Serif Lulseged, 37, a father of four and a small scale farmer who cultivates sorghum, soybean and sometimes maize on a small plot of land in Metta district in eastern Ethiopia is one of hundreds of thousands of people faced with the effects of climate change. He is also the Chairman for of the Hake village cluster, a community of 7 villages where most people depend on subsistence farming.
Changing weather patterns, including erratic rainfall, prolonged drought and flooding have pushed many farmers and pastoralists to the edge of survival.

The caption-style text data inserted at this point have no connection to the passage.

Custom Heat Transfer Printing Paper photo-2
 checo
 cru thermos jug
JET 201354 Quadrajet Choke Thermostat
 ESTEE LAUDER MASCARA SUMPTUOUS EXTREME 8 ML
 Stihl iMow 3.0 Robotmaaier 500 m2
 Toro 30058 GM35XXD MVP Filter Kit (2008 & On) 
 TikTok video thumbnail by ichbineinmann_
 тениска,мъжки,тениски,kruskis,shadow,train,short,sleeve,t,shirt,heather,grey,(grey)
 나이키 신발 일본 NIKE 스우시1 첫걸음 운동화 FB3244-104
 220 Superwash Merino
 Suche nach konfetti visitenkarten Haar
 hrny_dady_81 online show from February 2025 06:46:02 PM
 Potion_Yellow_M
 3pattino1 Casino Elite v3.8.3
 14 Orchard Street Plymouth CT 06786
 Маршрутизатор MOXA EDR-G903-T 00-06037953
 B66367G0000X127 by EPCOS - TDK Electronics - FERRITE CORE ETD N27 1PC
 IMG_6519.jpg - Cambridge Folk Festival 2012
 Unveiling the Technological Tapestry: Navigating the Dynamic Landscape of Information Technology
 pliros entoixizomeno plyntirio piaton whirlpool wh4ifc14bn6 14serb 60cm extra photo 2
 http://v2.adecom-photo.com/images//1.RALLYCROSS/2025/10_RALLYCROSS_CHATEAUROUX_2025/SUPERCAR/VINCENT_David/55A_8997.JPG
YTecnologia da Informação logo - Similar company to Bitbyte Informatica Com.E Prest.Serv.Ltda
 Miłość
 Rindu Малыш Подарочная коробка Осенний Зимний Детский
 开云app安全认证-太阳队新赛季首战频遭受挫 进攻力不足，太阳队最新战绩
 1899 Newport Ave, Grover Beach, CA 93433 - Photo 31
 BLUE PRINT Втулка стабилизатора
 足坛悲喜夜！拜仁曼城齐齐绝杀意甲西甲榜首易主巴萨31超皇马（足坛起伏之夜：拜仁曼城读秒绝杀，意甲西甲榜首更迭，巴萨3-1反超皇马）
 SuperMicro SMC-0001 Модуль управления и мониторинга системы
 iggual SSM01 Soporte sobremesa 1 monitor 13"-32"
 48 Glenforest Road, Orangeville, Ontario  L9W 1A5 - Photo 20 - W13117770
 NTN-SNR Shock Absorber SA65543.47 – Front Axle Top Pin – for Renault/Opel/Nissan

CRS works with the Hararghe Catholic Secretariat in Oromia state to support 475,000 people as they adapt new techniques and innovations to mitigate the impact of climate change. With Funding from USAID’s Office of Foreign Disaster Assistance (OFDA) and the Global Climate Change and Feed the Future Initiatives, CRS and its partners launched the Resilience through Enhanced Adaptation, Action-learning, and Partnership (REAAP) in March 2015, which works hand-in-hand with communities in 100 kebeles of farming, agro-pastoralist, and pastoralist livelihood zones in six vulnerable woredas of East and West Hararghe Zones of the Oromia Region to design and implement action plans to decrease the risk of climate related disaster, and to increase resilience to shocks when they occur. Some of the mitigation techniques come in the form of hillside terraces, already dotting some of the mountainous landscape (part of a previous CRS DFAP).